Summary
Northrop Grumman Corporation (NOC) filed an 8-K on February 23, 2007, reporting on key corporate governance and executive compensation changes. The most significant event for investors is the election of Donald E. Felsinger to the Board of Directors. Mr. Felsinger brings extensive executive experience from Sempra Energy, most recently as its Chairman and CEO, and has been appointed to the Audit Committee and the Compensation and Management Development Committee, suggesting an enhancement to the board's oversight capabilities. Additionally, the filing details executive compensation adjustments. Base salaries for Named Executive Officers were increased effective March 3, 2007, with a portion of the increase attributed to replacing certain perquisites. The company also approved cash bonus compensation for 2006 performance and outlined the 2007 performance measures for its incentive compensation plan, focusing on organic sales growth, operating margin, cash from operations, and supplemental operational measures. These actions signal a focus on executive motivation and alignment with company performance.
Key Highlights
- 1Donald E. Felsinger, former Chairman and CEO of Sempra Energy, was elected to Northrop Grumman's Board of Directors on February 20, 2007.
- 2Mr.

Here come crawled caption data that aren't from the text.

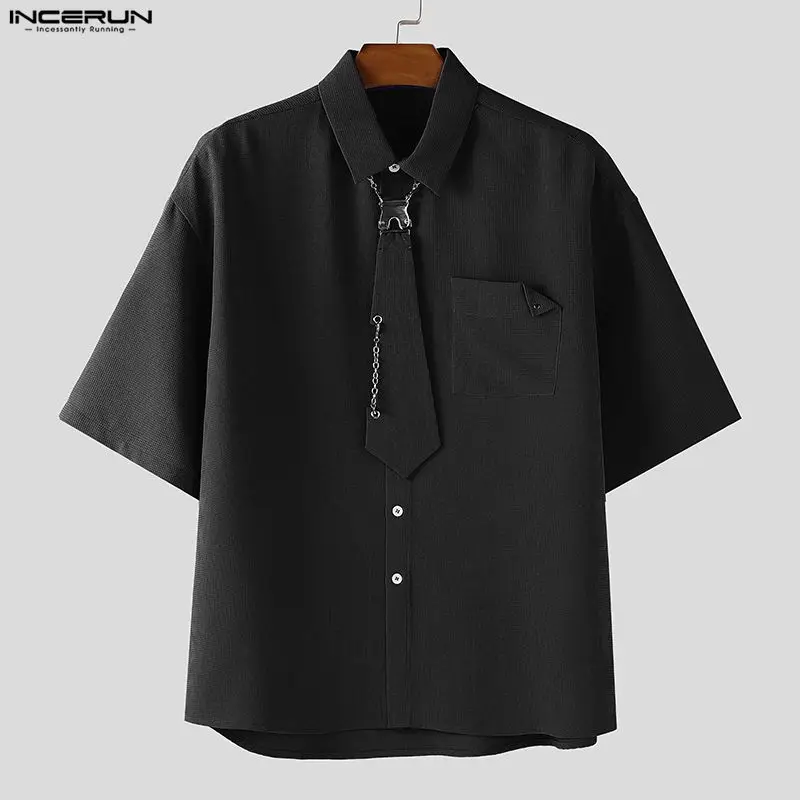 INCERUN الرجال قميص بلون التلبيب كم قصير زر ملابس الرجال عادية مع التعادل الشارع الشهير فضفاض بلوزات على الموضة الذكور القمصان #6
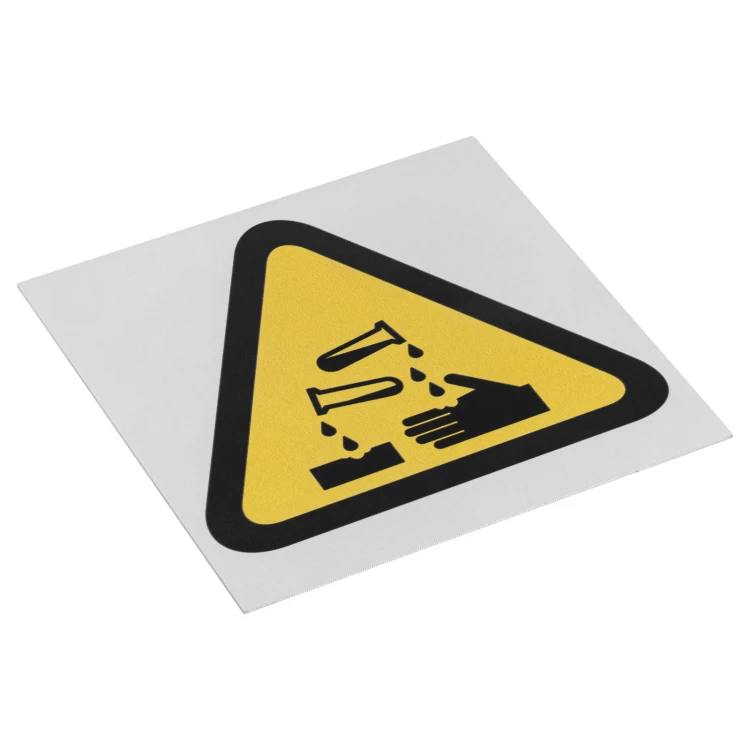 Hinweisschild für ätzende Stoffe - Aluminiumschild - 66x66mm - NANODRUK - TAN012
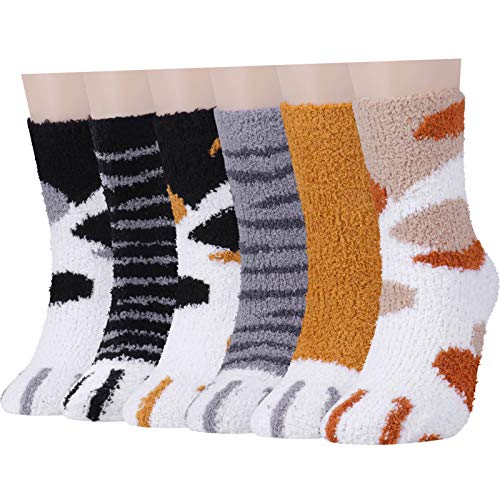 Toes Home 6 Paar Kuschelsocken Damen, Wintersocken Flauschige Socken Antiruschsocken, Warme Bettsocken Haussocken 36-42 von Toes Home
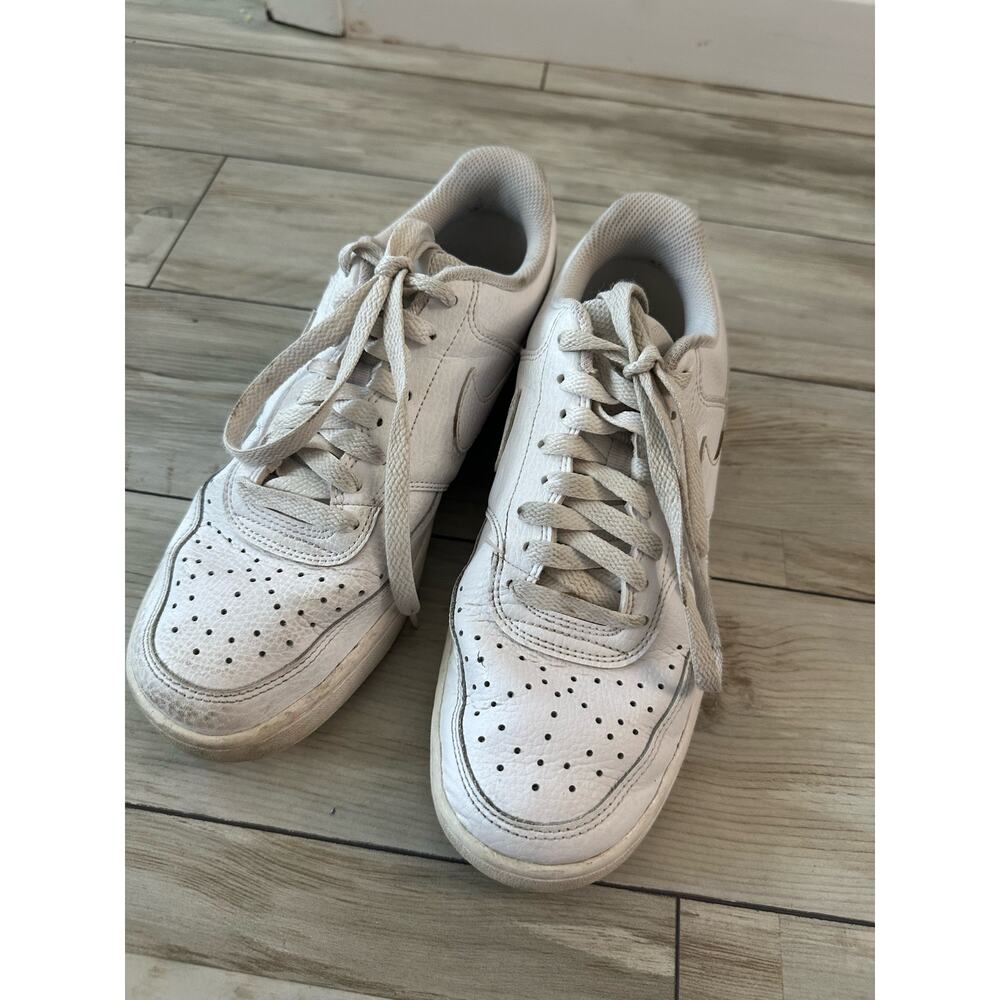 Nike Sneakers Women's 8 Triple White Court Vision Low Leather Casual Sporty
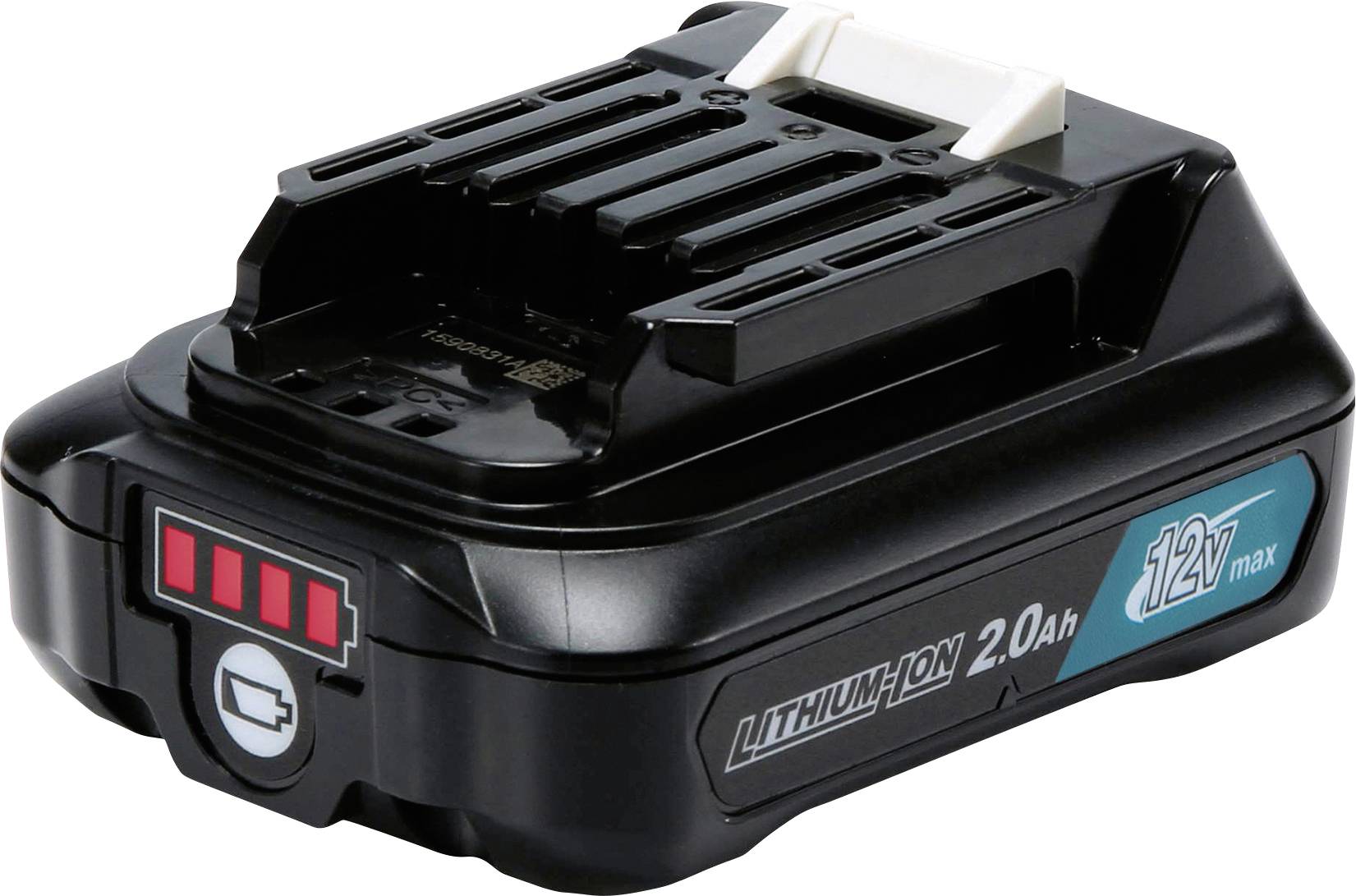Lithium-iontová baterie s 2,0 Ah a 12 V pro elektrické nářadí. Indikátor nabití a značení viditelné na straně.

Felsinger has been appointed to the Audit Committee and the Compensation and Management Development Committee, indicating a strengthening of board oversight.
- 3Northrop Grumman adjusted the base salaries for its Named Executive Officers, effective March 3, 2007.
- 4Cash bonus compensation for 2006 performance was approved for Named Executive Officers, with significant amounts awarded to the CEO and President/CFO.
- 5The company approved the 2007 performance goals for its Incentive Compensation Plan, which include organic sales growth, operating margin, and cash from operations.
- 6Mr. Felsinger will receive an annual director retainer fee of $200,000, with 50% deferred into a stock unit account, and an additional $10,000 for Audit Committee service.